Unkraut zupfen ist lästig und zehrt an Nerven und Zeit. Mit den richtigen Bodendeckern kannst du Giersch & Co. dauerhaft in Schach halten und gleichzeitig schöne Flächen gestalten.
Bodendecker statt Unkraut: 5 Pflanzen, die Giersch den Garaus machen
Wer einen Garten wie die Nachbarin Helga möchte — ordentlich, duftig und ohne ständiges Jäten — setzt auf Pflanzen, die schnell dicht werden. Hier fünf bewährte Kandidaten, die Licht und Raum für Giersch nehmen.
Kleines Immergrün (Vinca minor)
Vinca bildet rasch dichte Teppiche und bleibt auch im Winter grün. An halbschattigen Stellen verdrängt es Giersch effektiv, wenn die Pflanzen im Abstand von 25–30 cm gesetzt werden.
Schon nach einem Jahr ist die Fläche spürbar ruhiger. Tipp: Vor dem Pflanzen so viel Giersch wie möglich entfernen, dann zack, fertig dicht.
Waldsteinie (Waldsteinia ternata)
Waldsteinie ist wintergrün, bildet dichte Horste und leuchtet im Frühling mit gelben Blüten. Sie kommt gut unter Bäumen zurecht, wo Giersch sonst gern wuchert.

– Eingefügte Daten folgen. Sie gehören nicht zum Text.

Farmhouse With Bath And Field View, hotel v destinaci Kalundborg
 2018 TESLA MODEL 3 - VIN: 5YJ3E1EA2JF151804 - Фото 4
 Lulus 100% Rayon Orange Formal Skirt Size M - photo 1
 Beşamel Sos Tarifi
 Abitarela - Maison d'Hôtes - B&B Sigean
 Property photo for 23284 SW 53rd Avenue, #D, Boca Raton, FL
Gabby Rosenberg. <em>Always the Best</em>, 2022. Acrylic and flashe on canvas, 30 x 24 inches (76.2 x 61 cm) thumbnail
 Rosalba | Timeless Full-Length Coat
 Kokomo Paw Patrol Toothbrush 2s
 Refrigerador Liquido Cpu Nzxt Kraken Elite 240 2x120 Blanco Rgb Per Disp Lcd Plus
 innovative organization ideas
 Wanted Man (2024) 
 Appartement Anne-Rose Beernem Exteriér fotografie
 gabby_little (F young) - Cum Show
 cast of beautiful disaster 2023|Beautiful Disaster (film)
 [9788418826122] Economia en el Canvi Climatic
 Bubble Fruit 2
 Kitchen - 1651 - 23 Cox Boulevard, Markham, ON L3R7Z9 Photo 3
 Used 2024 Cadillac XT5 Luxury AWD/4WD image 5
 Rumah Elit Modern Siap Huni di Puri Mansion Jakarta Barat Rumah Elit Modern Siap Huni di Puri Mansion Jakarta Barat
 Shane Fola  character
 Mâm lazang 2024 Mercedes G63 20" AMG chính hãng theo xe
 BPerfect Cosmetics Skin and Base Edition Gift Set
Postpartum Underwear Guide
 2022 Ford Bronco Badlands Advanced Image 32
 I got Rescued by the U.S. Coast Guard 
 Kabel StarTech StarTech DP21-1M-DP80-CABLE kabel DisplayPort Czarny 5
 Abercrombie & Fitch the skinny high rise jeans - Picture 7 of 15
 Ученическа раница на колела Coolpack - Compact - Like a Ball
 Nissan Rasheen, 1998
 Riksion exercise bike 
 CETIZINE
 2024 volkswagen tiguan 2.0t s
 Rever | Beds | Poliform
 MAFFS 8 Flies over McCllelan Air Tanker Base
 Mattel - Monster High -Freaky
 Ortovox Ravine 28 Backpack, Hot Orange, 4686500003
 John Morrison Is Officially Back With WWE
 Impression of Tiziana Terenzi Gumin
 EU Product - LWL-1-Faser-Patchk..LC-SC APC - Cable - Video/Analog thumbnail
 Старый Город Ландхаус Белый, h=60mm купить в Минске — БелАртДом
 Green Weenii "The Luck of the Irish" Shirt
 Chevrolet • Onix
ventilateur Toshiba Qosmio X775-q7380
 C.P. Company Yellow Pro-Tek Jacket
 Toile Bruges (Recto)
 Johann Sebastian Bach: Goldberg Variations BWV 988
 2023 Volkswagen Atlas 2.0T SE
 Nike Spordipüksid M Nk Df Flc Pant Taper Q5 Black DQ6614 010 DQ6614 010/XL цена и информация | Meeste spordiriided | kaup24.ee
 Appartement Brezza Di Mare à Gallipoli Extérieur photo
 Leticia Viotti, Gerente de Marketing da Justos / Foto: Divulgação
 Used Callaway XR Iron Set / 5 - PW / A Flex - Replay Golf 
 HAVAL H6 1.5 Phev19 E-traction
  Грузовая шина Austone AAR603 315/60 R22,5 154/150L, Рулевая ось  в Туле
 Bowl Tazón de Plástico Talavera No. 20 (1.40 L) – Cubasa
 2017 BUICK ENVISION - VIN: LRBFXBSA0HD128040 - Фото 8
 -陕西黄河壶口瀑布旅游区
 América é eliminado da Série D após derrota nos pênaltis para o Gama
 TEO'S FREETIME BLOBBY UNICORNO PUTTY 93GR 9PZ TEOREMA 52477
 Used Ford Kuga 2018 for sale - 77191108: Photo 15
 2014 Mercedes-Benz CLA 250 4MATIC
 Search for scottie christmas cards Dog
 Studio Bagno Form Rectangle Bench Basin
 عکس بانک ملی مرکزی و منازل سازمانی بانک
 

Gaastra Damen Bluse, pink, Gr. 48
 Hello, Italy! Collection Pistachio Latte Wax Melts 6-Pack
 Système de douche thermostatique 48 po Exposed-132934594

Bei Durchwuchs einzelne Pflanzen austauschen und die Stelle reinigen. Robust und unaufgeregt — ideal für entspannte Gartenpflege.
Elfenblume (Epimedium)
Die Elfenblume punktet mit zartem Laub und filigranen Blüten; sie wächst langsam, aber unermüdlich. Ideal unter Sträuchern, wo Konkurrenz durch Wurzeln herrscht.
Geduld zahlt sich aus: Nach zwei bis drei Jahren entsteht ein dichter Teppich, der Giersch langfristig schwächt.
Kriechendes Fingerkraut (Potentilla reptans)
Für sonnige, trockene Stellen ist das Fingerkraut erste Wahl. Es breitet sich schnell über Ausläufer aus und zeigt über Wochen gelbe Blüten.
Vorsicht in Staudenbeeten: Dort kann es dominieren. An offenen Rändern aber ein echtes Multitalent gegen Unkraut.
Teppich-Johannisbeere (Ribes glandulosum)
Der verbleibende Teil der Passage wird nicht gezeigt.